This Sunday at 6pm, a group of ex-prisoners will present a reading at Church of the Servant here in Grand Rapids, MI. Try to make it if you're in town.
I had three meetings with the men. In the first, I asked for their stories. For the second, I wrote a script, which they read and discussed. The last, we went over how to sit, stand, and present the thing. Normally, I'd like more time, but this will come out just fine.
The theme given us was hope. Not something easily defined, but for men who spent anywhere from three to 21 years locked up, it's a feeling they know a little about.
Mentally, I had grouped this work in the same category as my theatre with homeless people. Certainly, these, too, are people who don't typically get to experience the arts firsthand (though there's quite a movement behind bars to stage plays).

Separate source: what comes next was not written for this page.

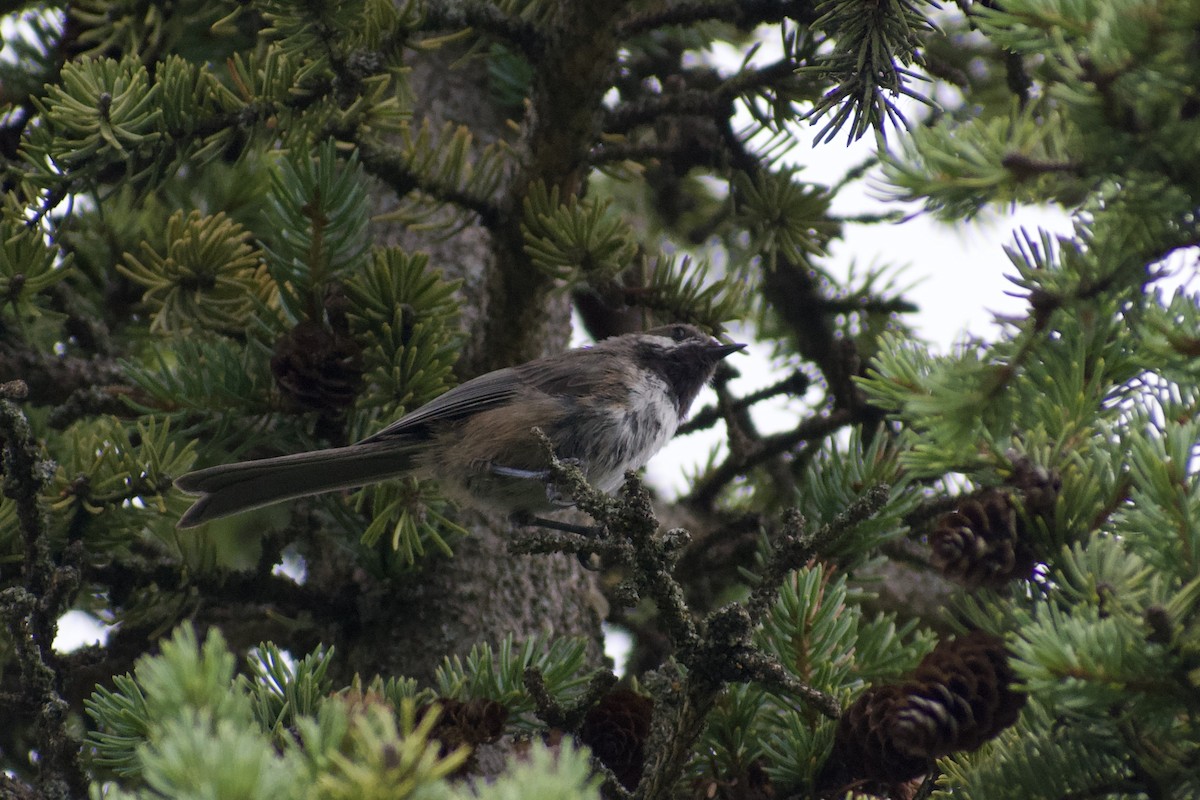 Boreal Chickadee - ML640670647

But these are men; they don't appear to suffer from the mental instabilities I saw in the women; they've necessarily kicked any substance abuse habit, though they might continue to struggle; they're in a better place than they were not very long ago, and therefore are grateful.
"Sitting on a couch," one man likes to say. "Sitting. On. A. COUCH. Do I need to say more?"
These differences affect me as director in opposing ways. First, I can identify more easily with people who live in homes and are mentally stable; one man and I exchange raw juice recipes every time we meet. And it's significantly easier on me to work with people who want to be there.
But on the other hand, they're men. They've just gotten out of prison. We're meeting in a church. When I direct, I connect with my people to figure out how to coach the best out of them. I'm not sweet, I'm a little rough and quick (especially with only three meetings) in getting the job done.
With the women, I learned to be tough but give words of inspiration when appropriate, which, if I did it right, would be answered with Amen.
With the men, we figured each other out by the last meeting. I could give orders ("Stop rushing, Paul") and follow up with a joke. But they're still men, and that's a different dynamic.
Too, there's an elephant in the room. Why were they in prison? When you're asking ex-cons about hope, and they're talking about their darkest night in prison, you want to feel empathy, and then you wonder, Yeah, but what did they do?
This elephant made it into the script; I couldn't not put it in there. Someday, I'll write about what happened the first day we read the play. Come see the play if you can--if you can face some heavy thinking on who you judge, who paid their price, what's an adequate price, whose slate is clear, and who might live as you do.